## What the task asks
When you reach the line containing "Spoot Shell Natural", repeat it and every line after it exactly, stopping only at the end of the listing.

## Data to process

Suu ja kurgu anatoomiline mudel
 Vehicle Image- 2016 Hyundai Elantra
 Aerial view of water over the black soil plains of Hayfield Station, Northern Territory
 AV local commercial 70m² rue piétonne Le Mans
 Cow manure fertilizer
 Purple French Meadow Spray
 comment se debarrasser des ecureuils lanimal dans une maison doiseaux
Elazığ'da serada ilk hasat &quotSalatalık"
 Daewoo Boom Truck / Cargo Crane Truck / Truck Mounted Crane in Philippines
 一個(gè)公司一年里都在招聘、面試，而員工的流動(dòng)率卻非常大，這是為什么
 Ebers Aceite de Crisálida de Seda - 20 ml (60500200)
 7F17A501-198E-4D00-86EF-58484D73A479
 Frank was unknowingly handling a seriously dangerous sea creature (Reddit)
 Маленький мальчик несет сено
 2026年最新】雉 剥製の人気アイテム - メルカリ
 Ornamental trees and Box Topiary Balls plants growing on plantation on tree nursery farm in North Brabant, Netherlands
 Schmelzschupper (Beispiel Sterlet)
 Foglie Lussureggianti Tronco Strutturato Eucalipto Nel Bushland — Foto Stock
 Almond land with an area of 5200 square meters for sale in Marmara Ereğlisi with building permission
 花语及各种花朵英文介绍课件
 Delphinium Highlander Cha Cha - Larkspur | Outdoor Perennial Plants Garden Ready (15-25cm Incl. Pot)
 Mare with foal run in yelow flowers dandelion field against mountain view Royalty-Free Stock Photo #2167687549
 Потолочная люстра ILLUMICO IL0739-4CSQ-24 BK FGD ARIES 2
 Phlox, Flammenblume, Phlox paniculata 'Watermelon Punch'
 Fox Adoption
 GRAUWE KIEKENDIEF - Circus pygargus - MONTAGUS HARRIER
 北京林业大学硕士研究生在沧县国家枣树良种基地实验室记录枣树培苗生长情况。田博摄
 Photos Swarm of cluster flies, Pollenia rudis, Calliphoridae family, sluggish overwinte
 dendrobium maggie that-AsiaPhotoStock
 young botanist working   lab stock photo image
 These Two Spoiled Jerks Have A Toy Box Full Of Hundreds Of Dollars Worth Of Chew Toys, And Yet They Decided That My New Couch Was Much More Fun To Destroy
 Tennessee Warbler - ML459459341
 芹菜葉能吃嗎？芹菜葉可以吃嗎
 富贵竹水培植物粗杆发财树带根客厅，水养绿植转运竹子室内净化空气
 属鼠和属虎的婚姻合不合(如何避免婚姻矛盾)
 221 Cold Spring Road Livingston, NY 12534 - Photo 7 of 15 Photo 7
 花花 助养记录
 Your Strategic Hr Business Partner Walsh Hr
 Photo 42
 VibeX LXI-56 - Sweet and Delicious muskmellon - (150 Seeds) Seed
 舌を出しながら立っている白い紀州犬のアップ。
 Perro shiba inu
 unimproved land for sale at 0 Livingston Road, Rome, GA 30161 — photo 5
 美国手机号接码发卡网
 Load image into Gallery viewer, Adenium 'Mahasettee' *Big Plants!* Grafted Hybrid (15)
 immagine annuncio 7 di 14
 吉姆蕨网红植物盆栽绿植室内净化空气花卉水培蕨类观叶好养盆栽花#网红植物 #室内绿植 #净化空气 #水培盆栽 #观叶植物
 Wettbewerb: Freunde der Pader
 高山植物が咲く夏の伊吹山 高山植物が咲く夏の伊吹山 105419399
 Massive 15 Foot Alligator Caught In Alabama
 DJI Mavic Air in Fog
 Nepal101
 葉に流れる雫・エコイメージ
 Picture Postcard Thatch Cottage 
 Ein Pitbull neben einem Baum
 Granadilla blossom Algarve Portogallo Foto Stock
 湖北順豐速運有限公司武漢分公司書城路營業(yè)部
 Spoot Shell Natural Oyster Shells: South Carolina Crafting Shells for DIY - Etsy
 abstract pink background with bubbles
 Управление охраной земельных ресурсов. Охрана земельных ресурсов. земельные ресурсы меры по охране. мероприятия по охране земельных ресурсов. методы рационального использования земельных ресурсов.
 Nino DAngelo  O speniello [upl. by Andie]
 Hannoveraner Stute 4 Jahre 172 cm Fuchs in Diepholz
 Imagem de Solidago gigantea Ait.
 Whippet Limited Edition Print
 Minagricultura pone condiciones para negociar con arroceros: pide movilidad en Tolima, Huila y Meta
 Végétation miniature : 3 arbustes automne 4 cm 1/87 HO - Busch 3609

## Output for this exercise
 Spoot Shell Natural Oyster Shells: South Carolina Crafting Shells for DIY - Etsy
 abstract pink background with bubbles
 Управление охраной земельных ресурсов. Охрана земельных ресурсов. земельные ресурсы меры по охране. мероприятия по охране земельных ресурсов. методы рационального использования земельных ресурсов.
 Nino DAngelo  O speniello [upl. by Andie]
 Hannoveraner Stute 4 Jahre 172 cm Fuchs in Diepholz
 Imagem de Solidago gigantea Ait.
 Whippet Limited Edition Print
 Minagricultura pone condiciones para negociar con arroceros: pide movilidad en Tolima, Huila y Meta
 Végétation miniature : 3 arbustes automne 4 cm 1/87 HO - Busch 3609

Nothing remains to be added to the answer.